Trends in architectural design, master planning, the construction sector and how architects will matter for the future of China

Contemporary China was in the focus of the Montagabendgespräche (Monday evening chats), a well-established series of guest lectures organized by Prof. Dr. Axel Sowa and his Chair of Architecture Theory at RWTH Aachen.

Developments in contemporary architecture in China puzzle observers from other countries. The speed of development and its sheer scale leaves them without a reference frame. Some scholars caution that Chinese contemporary architecture, despite its uniqueness may be prone to repeat errors made in other countries in the past.

Understanding the role of architects and urban designer and their leeway is important to fully acknowledge the artistic and innovative contribution of today’s avant-garde in Chinese architecture. This is best explained by looking at several scales.  

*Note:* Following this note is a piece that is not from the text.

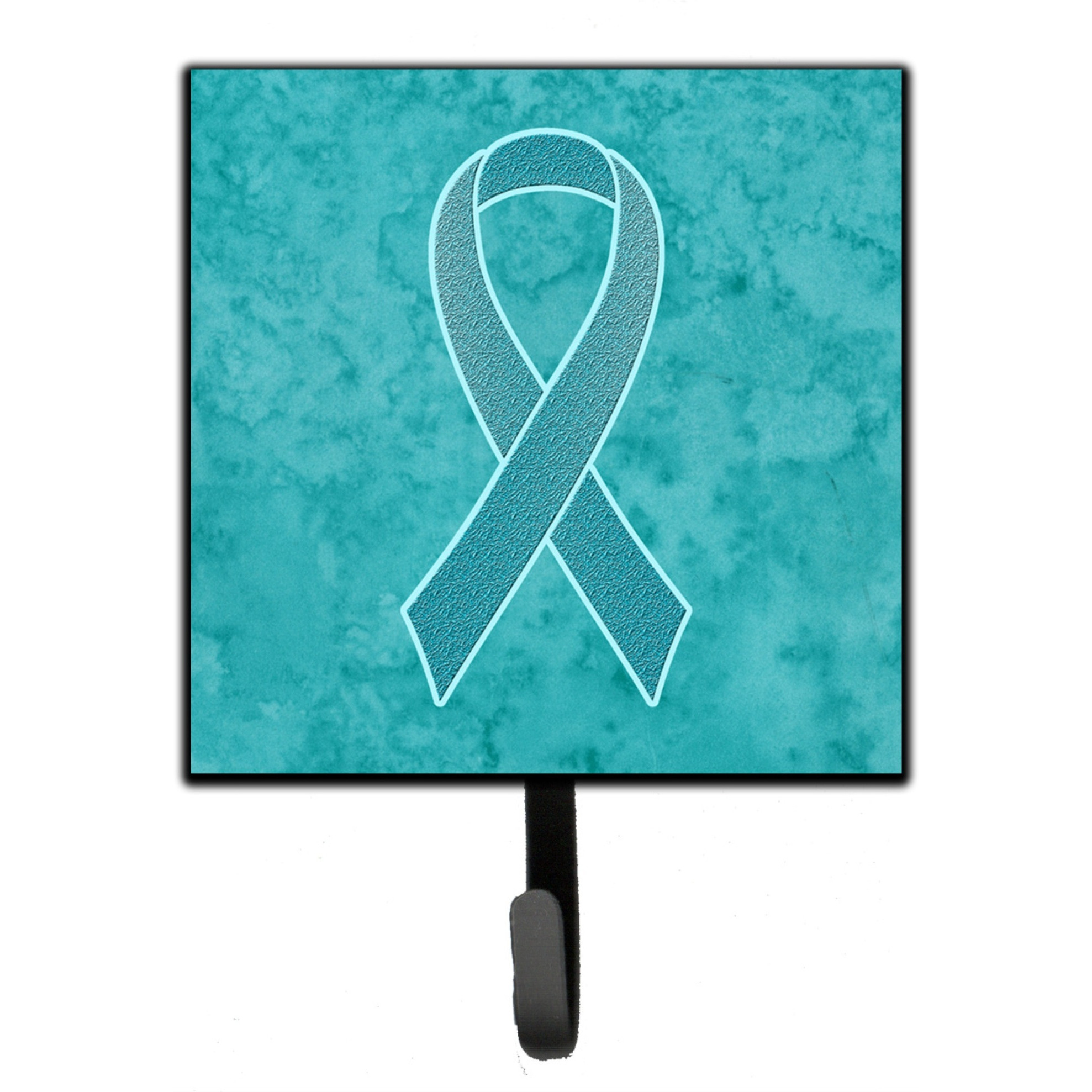 &quotCaroline's Treasures AN1201SH4 Teal Ribbon For Ovarian Cancer Awareness Leash or Key Holder, Small, Multicolor"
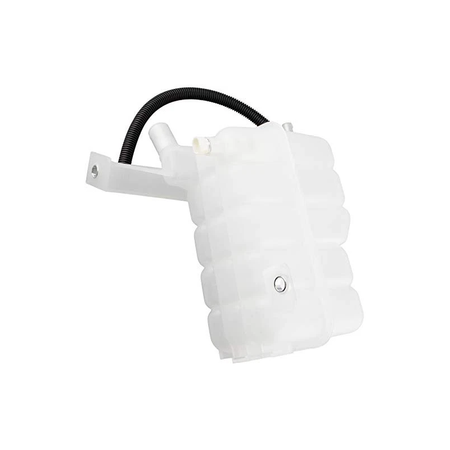 Front Coolant Reservoir Overflow Tank with Cap Sensor 15203949 for Cadillac Escalade Chevrolet Avalanche Silverado Suburban GMC Sierra - KUDUPARTS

At the national scale, the skills of those workers who pour concrete, install building machinery, facades and do fit outs dramatically limits the options of style, material. In addition a ferocious real estate market does not leave time or financial resources for experimentation. Over the past four decades since opening-up and reform China has seen strong growth based on consumption of non-renewable raw materials, namely land and construction materials. The main criteria for success were output figures, speed and growth ratios. In recent years, the shortage of resources puts the modus operandi in question and the demand for quality becomes stronger than the demand for quantity.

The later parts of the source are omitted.